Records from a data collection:

◇ ◇ ◇

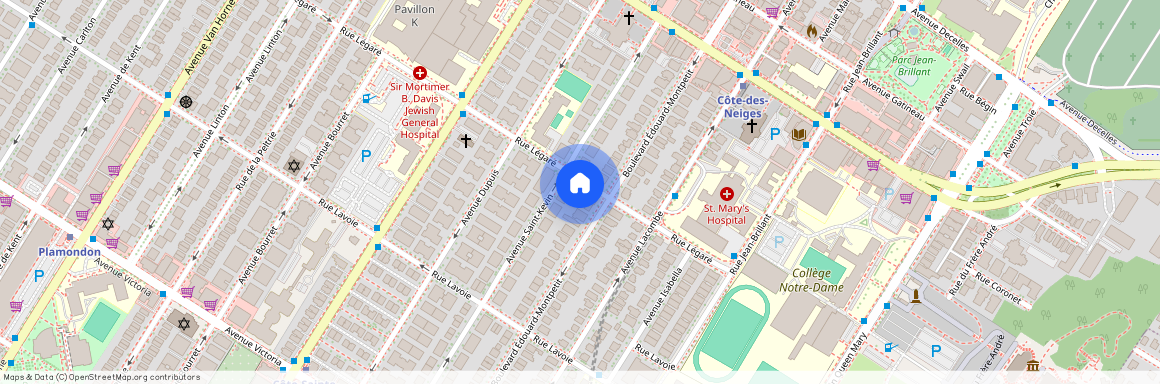 5512 Rue Légaré, Montréal (Côte-des-Neiges/Notre-Dame-de-Grâce), H3T1Z5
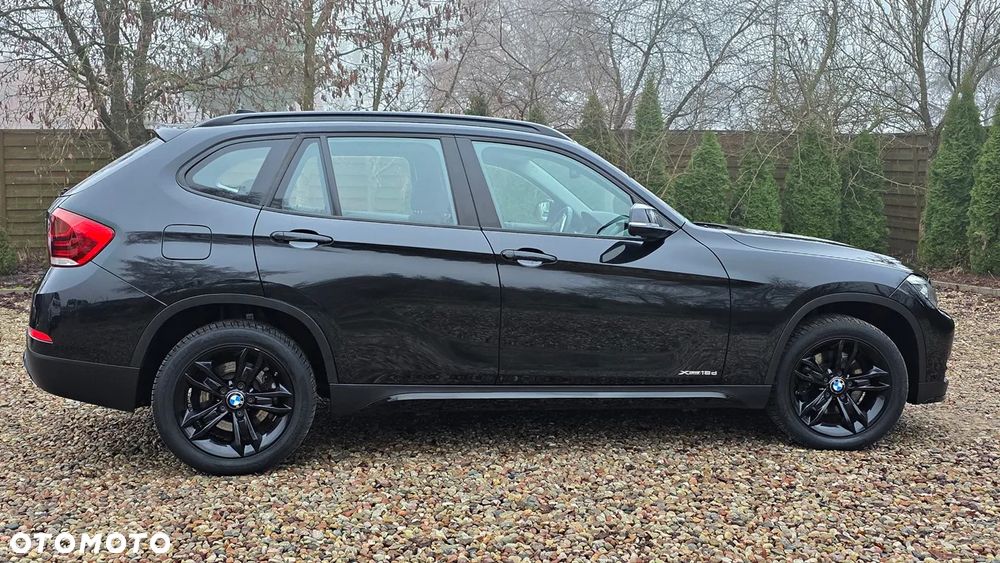 BMW X1 xDrive18d Sport Line - 18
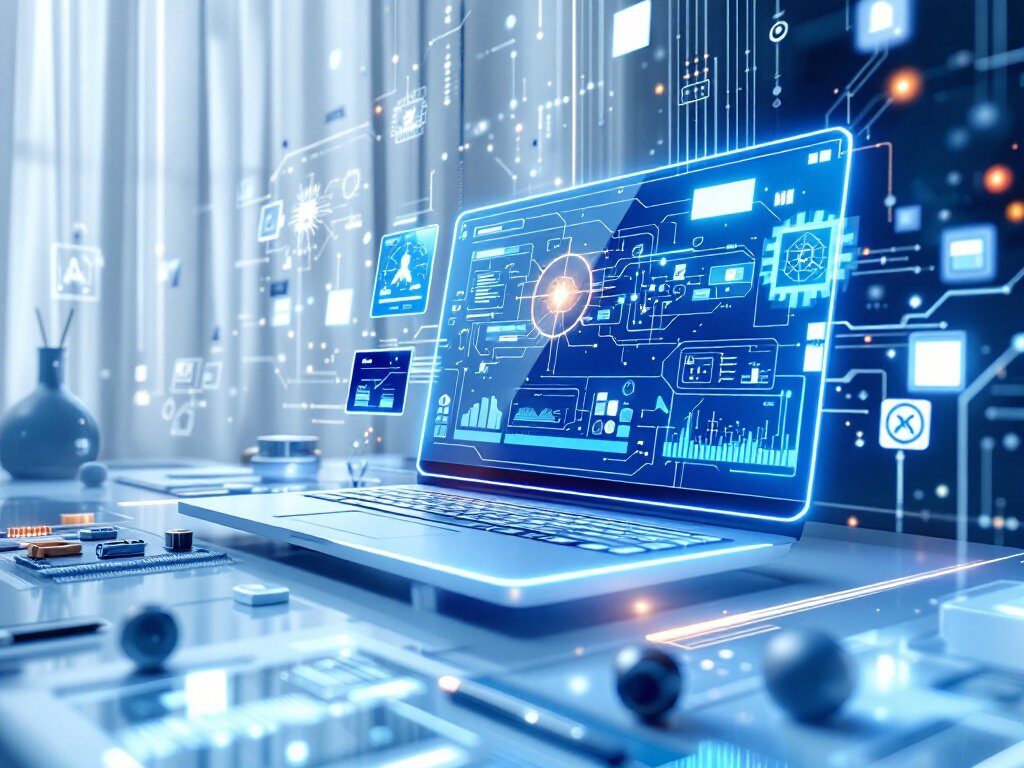 KI-Assistenten für die EPLAN-Schaltplanerstellung: Effizienzsteigerung in der Elektrokonstruktion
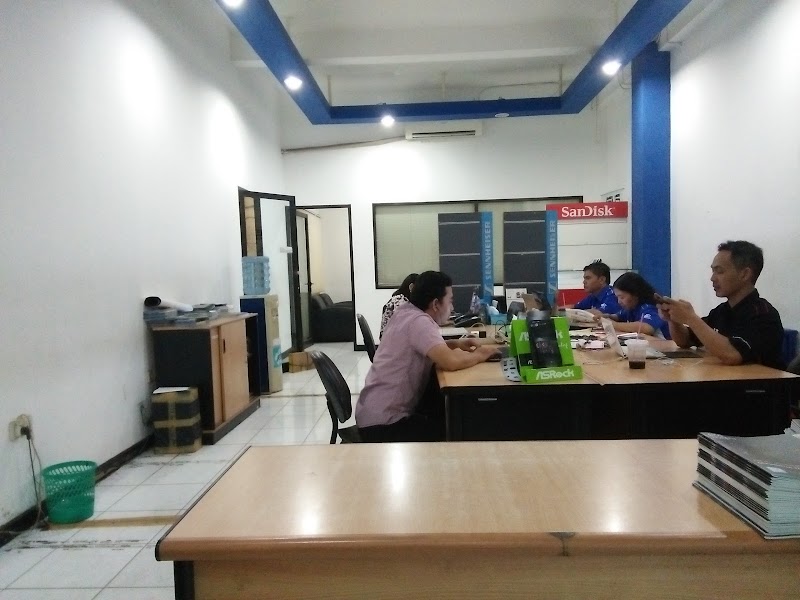 Asus Service Center (1) terbaik di Kab. Wonogiri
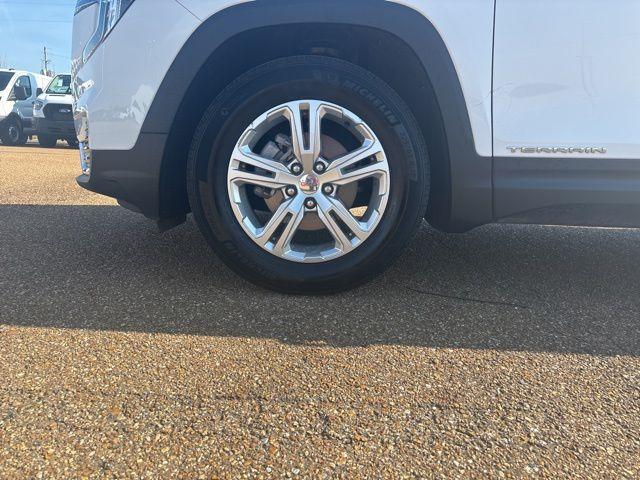 used 2024 GMC Terrain car, priced at $19,200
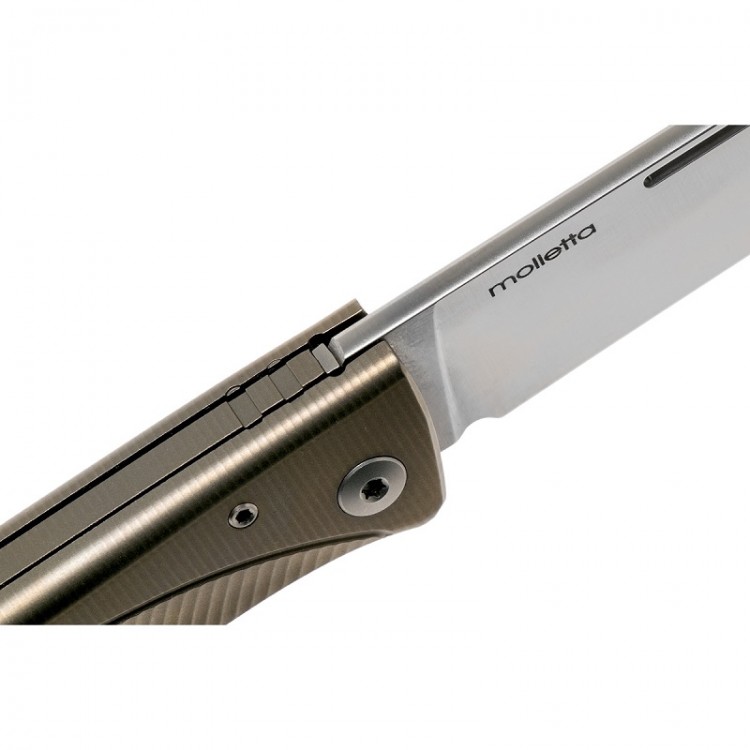 Нож Lion Steel Thrill TL BR Нож Lion Steel Thrill TL BR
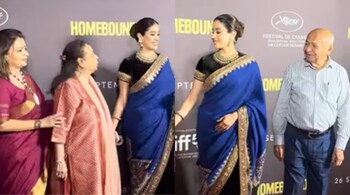 Janhvi Kapoor, Shikhar Pahariya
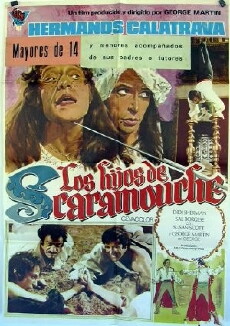 Los hijos de Scaramouche (1975) - Stream Online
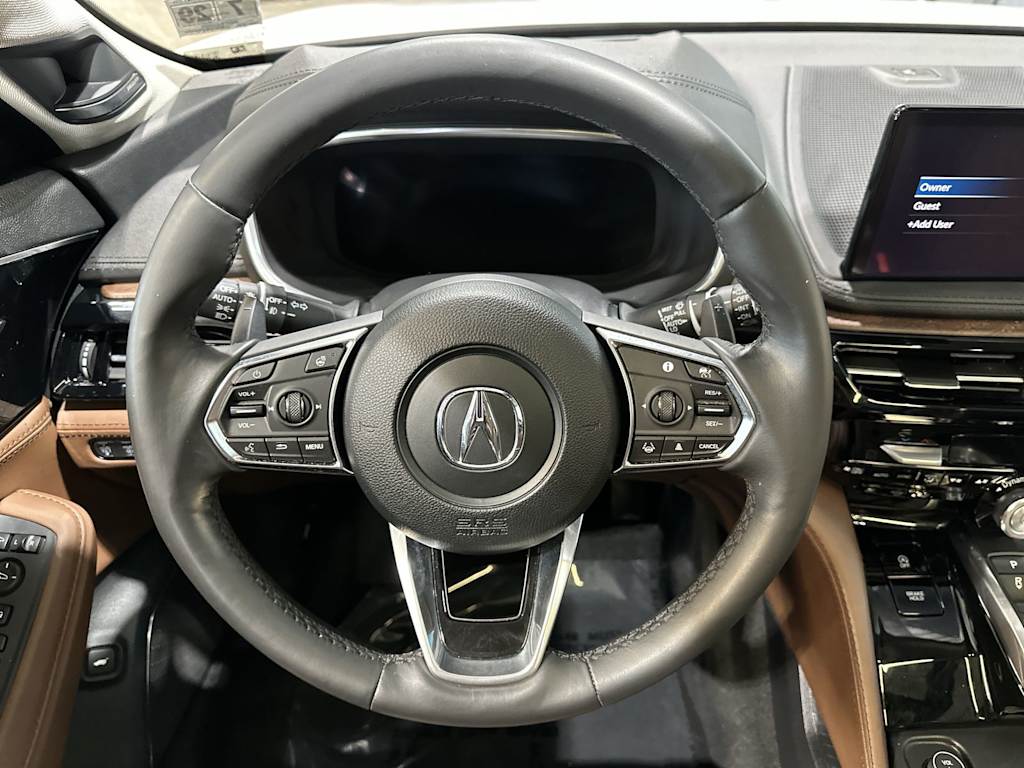 Thumbnail: 2025 Acura MDX - 14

◇ ◇ ◇

REQUIRED WORK
Please give back exactly the lines from the first line of the records above through the line containing "Asus Service Center", only those and both included, with the pictures removed.

EXERCISE SOLUTION
 5512 Rue Légaré, Montréal (Côte-des-Neiges/Notre-Dame-de-Grâce), H3T1Z5
 BMW X1 xDrive18d Sport Line - 18
 KI-Assistenten für die EPLAN-Schaltplanerstellung: Effizienzsteigerung in der Elektrokonstruktion
 Asus Service Center (1) terbaik di Kab. Wonogiri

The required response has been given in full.